(Collected material Opens)
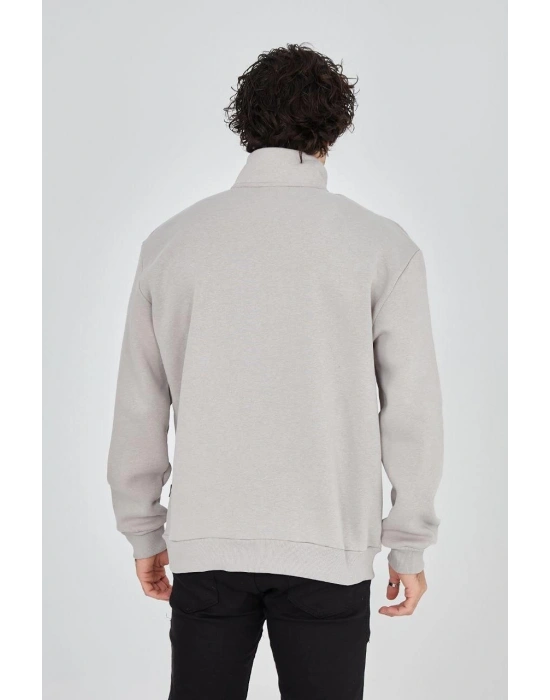 Erkek Yarım Fermuarlı Baskılı 3 iplik pamuklu sweatshirt - Boyalı Gri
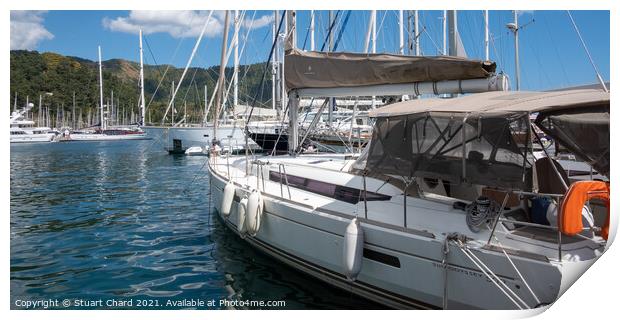 Yachts moored in a marina Print by Stuart Chard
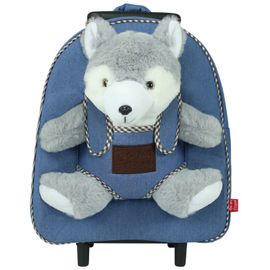 PERLETTI - BE MY FRIEND, Detský denimový batoh na kolieskach s odnímateľnou hračkou HUSKY, 13051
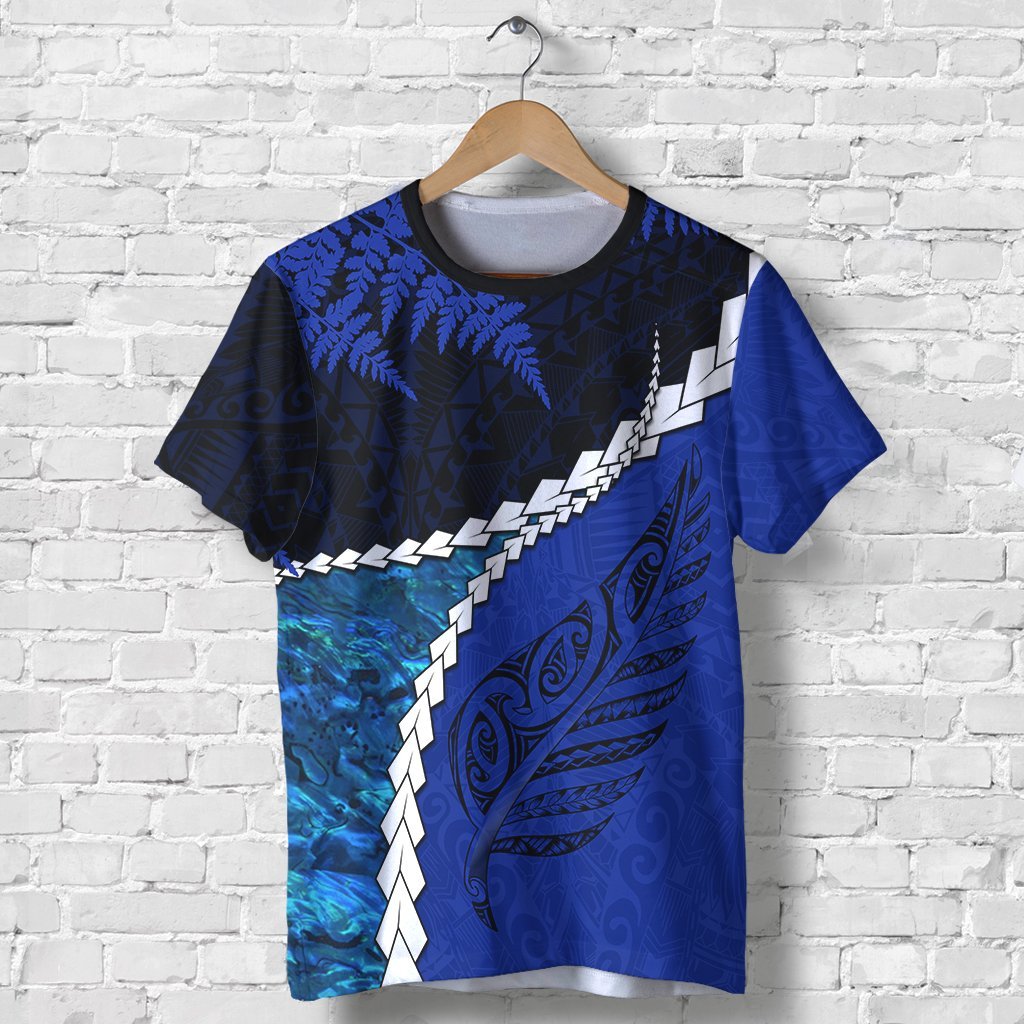 Paua Shell Maori Silver Fern T shirt Cobalt - Vibe Hoodie Shop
(Collected material Closes)
Each line of the listing is to be retyped exactly, and its pictures are to be dropped.

 Erkek Yarım Fermuarlı Baskılı 3 iplik pamuklu sweatshirt - Boyalı Gri
 Yachts moored in a marina Print by Stuart Chard
 PERLETTI - BE MY FRIEND, Detský denimový batoh na kolieskach s odnímateľnou hračkou HUSKY, 13051
 Paua Shell Maori Silver Fern T shirt Cobalt - Vibe Hoodie Shop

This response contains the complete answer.